The two documents, seen by Reuters and disclosed publicly for the first time, include a framework agreement which stipulates Google is ready to pay $22 million annually in total to a group of 121 national and local French news publications after signing individual licensing agreements with each of them.
The second document is a settlement agreement under which Google agrees to pay $10 million to the same group of publishers in exchange for their commitment to end all present and future potential litigation tied to copyright claims over the duration of the three-year agreement.
Google declined to comment. The tech firm and the publishers announced that they had reached an agreement last month, but financial terms were not disclosed.
“These opaque agreements don’t ensure the fair treatment of all news publishers, since the calculation formula isn’t made public,” the union for independent online news publishers Spiil said earlier this week.
It said it regretted that the profession had not offered a united front in the talks with Google. “Google took advantage of our divisions to advance its interests,” it said.
L’Alliance de la presse d’information generale (APIG), the lobby group that signed the deal with Google, was not immediately available for comment.
In order to receive a share of the $22 million that will be split among the publishers, each organisation will be obliged to sign an individual licensing agreement with Google.
The fees range from $1.3 million for France’s reference daily Le Monde at the top of the list to $13,741 for local publisher La Voix de la Haute Marne, documents show. The document did not specify how these amounts are calculated.

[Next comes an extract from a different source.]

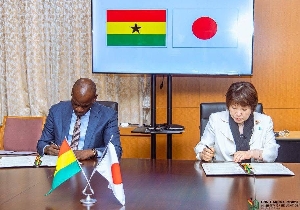 Haruna Iddrissu signing the MoU with the Japanese goverment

Leading national dailies Le Monde, Le Figaro and Liberation and their respective groups negotiated about 3 million euros ($3.6 million) each per year on top of this, notably by agreeing in November to sell subscriptions through Google, one source close to the matter said.

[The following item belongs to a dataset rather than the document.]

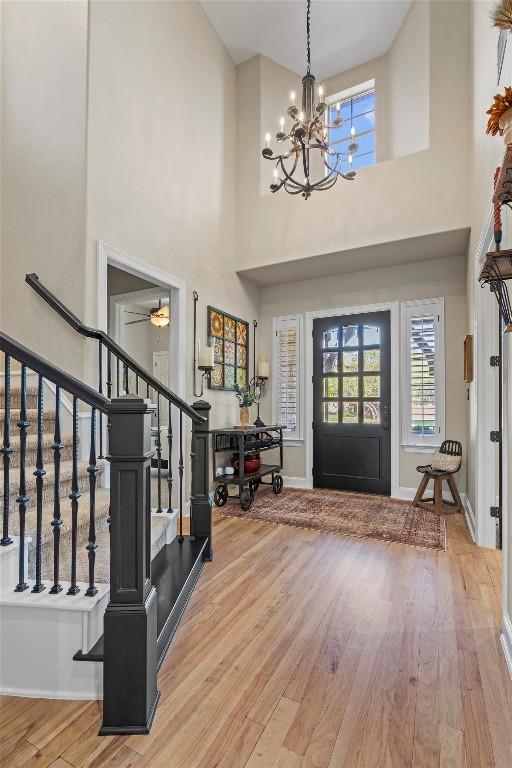 entrance foyer featuring ceiling fan with notable chandelier, baseboards, stairs, and wood finished floors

The head of Le Monde group Louis Dreyfus declined to comment. Liberation’s boss Denis Olivennes and representatives for Le Figaro were not immediately available for comment.

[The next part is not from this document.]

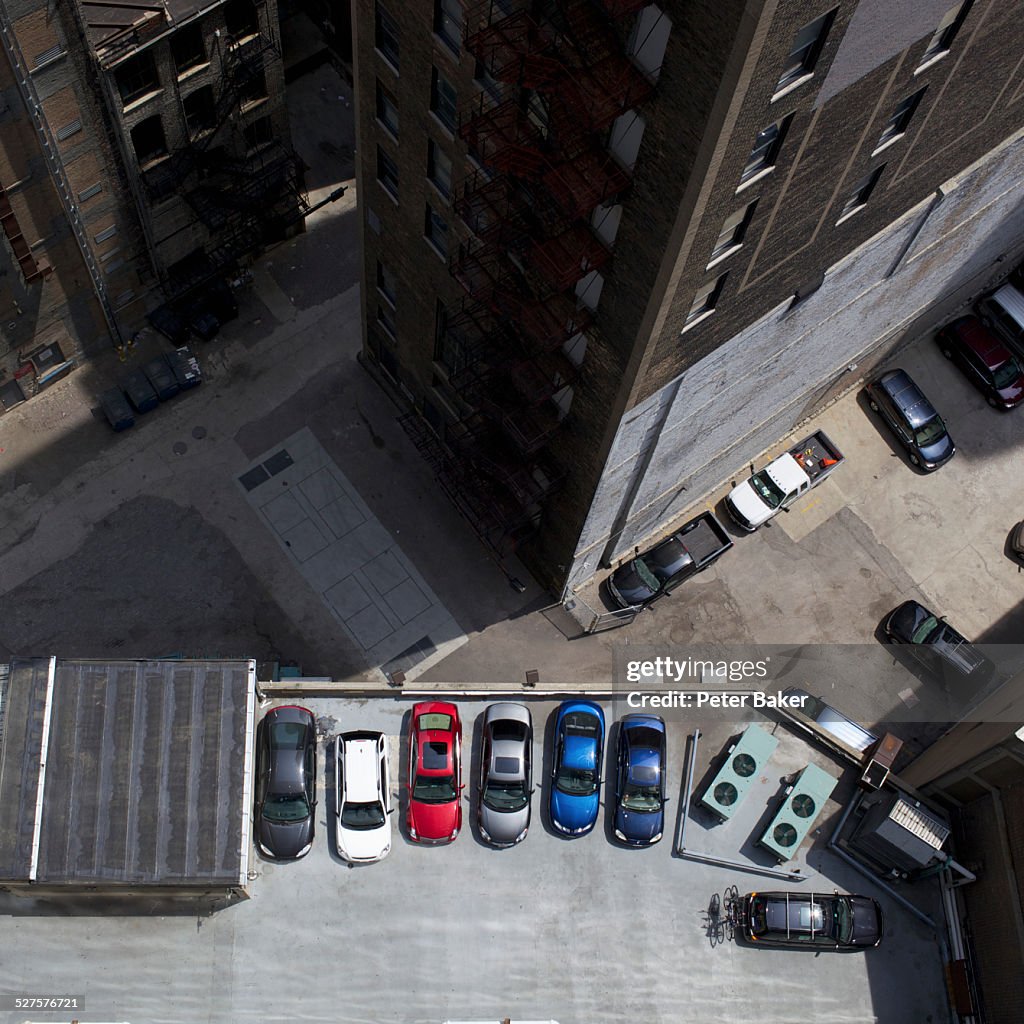 High angle view of city buildings and parked cars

Under the terms of the framework agreement, APIG members also commit to use and feed Google’s upcoming new product Google News Showcase.
Google News Showcase is both a global vehicle to pay news publishers for their content online and a new service that would allow partnering publishers to curate content and provide limited access to paywalled stories for users.
Reuters, a division of news and information provider Thomson Reuters (NYSE:TRI) Corp, struck a deal with Google in January to be the first global news provider to Google News Showcase.
The accord follows the implementation in France of a new kind of copyright rule under a recent European Union law, dubbed “neighbouring rights”. These compel Google and other large tech platforms to open talks with publishers to remunerate them for the use of their news content online.
Other French publishers who are not part of that deal, such as 100% online news and specialist publishers, criticised the deal for being opaque, unfair and not abiding by the “neighbouring rights” law.